Au début du mois, des policiers du commissariat du 4ème arrondissement mettent sous surveillance un appartement de la rue Rambuteau qu'ils soupçonnent d'être utilisé comme hôtel non déclaré pour loger des touristes asiatiques.

Mardi dès potron-minet, les policiers se rendent sur place et découvrent 14 couchages en lits superposés et 12 touristes coréens. Le gestionnaire des lieux est interpellé.

Au cours de la perquisition, les policiers saisissent de nombreux carnets de réservation, des feuillets de bons de paiement et plus de 900 euros.
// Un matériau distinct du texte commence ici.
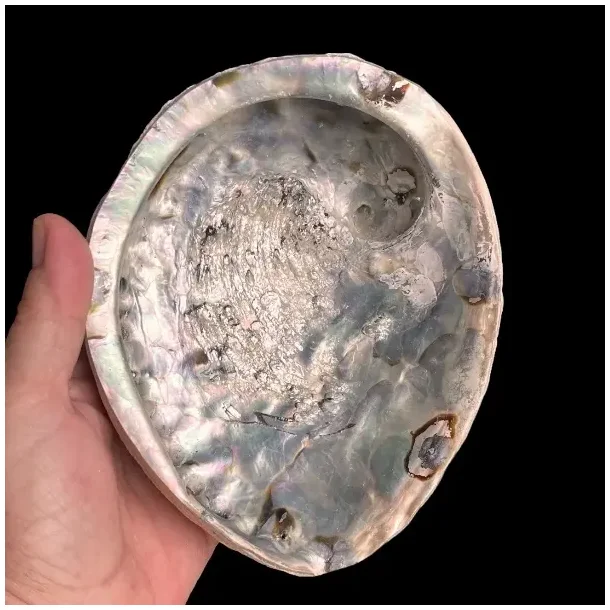 Stor Paua / Abeloneskal til Energi og Renselse  Ca. 15 x 12,5 cm med Regnbuefarver (B)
A 08H00, l'épouse de l'hôtelier est arrêtée à leur domicile de Seine-Saint-Denis.

Les touristes expliquent aux policiers payer 21 euros la nuit, versant généralement le montant des nuitées sur un compte bancaire coréen via internet.

Quatre autres établissements clandestins de la capitale sont également gérés par le couple, leur fille s'occupant de l'un d'entre eux. Elle est interpellée ainsi qu'une femme en situation irrégulière employée comme femme de ménage et cuisinière.

Le couple a expliqué aux policiers avoir débuté son activité avec un seul "hôtel" en septembre 2009, gagnant jusqu'à 6.000 euros par mois en haute saison pour ce seul site. L'épouse reconnaît par ailleurs avoir engagé une étudiante travaillant huit heures par jour sans être rémunérée mais en étant logée gratuitement.

30.000 euros ont été découverts sur leur compte, aussitôt bloqué au titre d'avoirs financiers frauduleux en application de la loi. Le groupe d'intervention régional de Paris (GIR 75), co-saisi, a en outre initié un redressement fiscal et social.

Les "hôteliers" ont été laissés libres. L'enquête se poursuit.